Thursday, April 29, 2010

Apple Spells Out Its Position on Flash

In the tradition of his prior letter on DRM (before it died), Steve Jobs posted an open letter on Flash.

The upshot? The analysis of Apple's view here (and here, here, and here) has been spot-on: Flash is a buggy kludge designed to force people to use Adobe products and tends chiefly to decrease performance while increasing bugs. Flash has no place on Apple's mobile OS. Apple wants people to use Apple's APIs to leverage Apple's technological improvements, and Adobe's track record of exposing Apple's technology to developers through intermediary platforms isn't stellar. Adobe took ten years to move to Cocoa in its own products, and has a long record of churning out buggy, low-performance Mac software. Apple has no interest in forcing users to suffer through third-party software that is at least that bad.

Atop all this, rewriting apps to function with no mouseover won't happen, and this absence will prevent Flash apps from working as expected. Broken, unworking applications or parts of web pages are just not part of the environment Apple wants its users to experience on its platforms. This is completly justifiable. Adobe's argument that its proprietary plug-ins should be executed on Apple platforms in the name of "openness" are absurd, and should be loudly derided.

Apple is preventing users from suffering bugs, plain and simple. Apple could act differently, but its decision is entirely understandable. Adobe is justifiably disappointed (not just because it won't reach the market on Apple's mobile platforms, but because the shortcomings and lack of necessity of its Flash products have been made clearer to the world as a result of Adobe's conflict over accessing the Apple mobile platforms). At the end of the day, though, Apple has made its position clear and we'll see how users and developers react.
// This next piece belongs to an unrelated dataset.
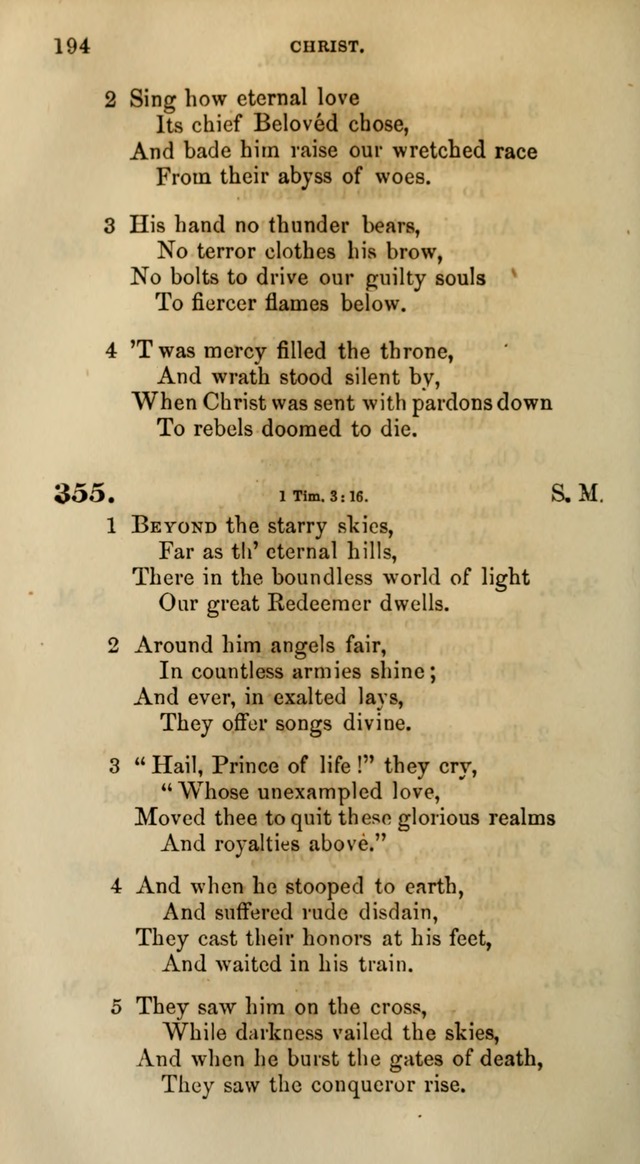 Songs for the Sanctuary; or, Psalms and Hymns for Christian Worship (Words only) page 194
UPDATE: Adobe's already reacted, in the form of an interview given by its CEO Shantanu Narayen.

In the interview, Narayen claims Adobe is persecuted by Apple for promoting open content. This would, of course, be more plausible if anything about Adobe's Flash platform could be construed as "open" in any way. It's exactly as closed and proprietary as Win32 or any other proprietary API, and utterly unlike the HTML5, Javascript, CSS, H.264, and other standards Apple suggests developers consider as Flash alternatives.

Narayen denied that its Flash plug-ins are the main cause of application crashes on Macs, but supplied no data for the claim. Narayen blamed Apple for the crashes. Sigh.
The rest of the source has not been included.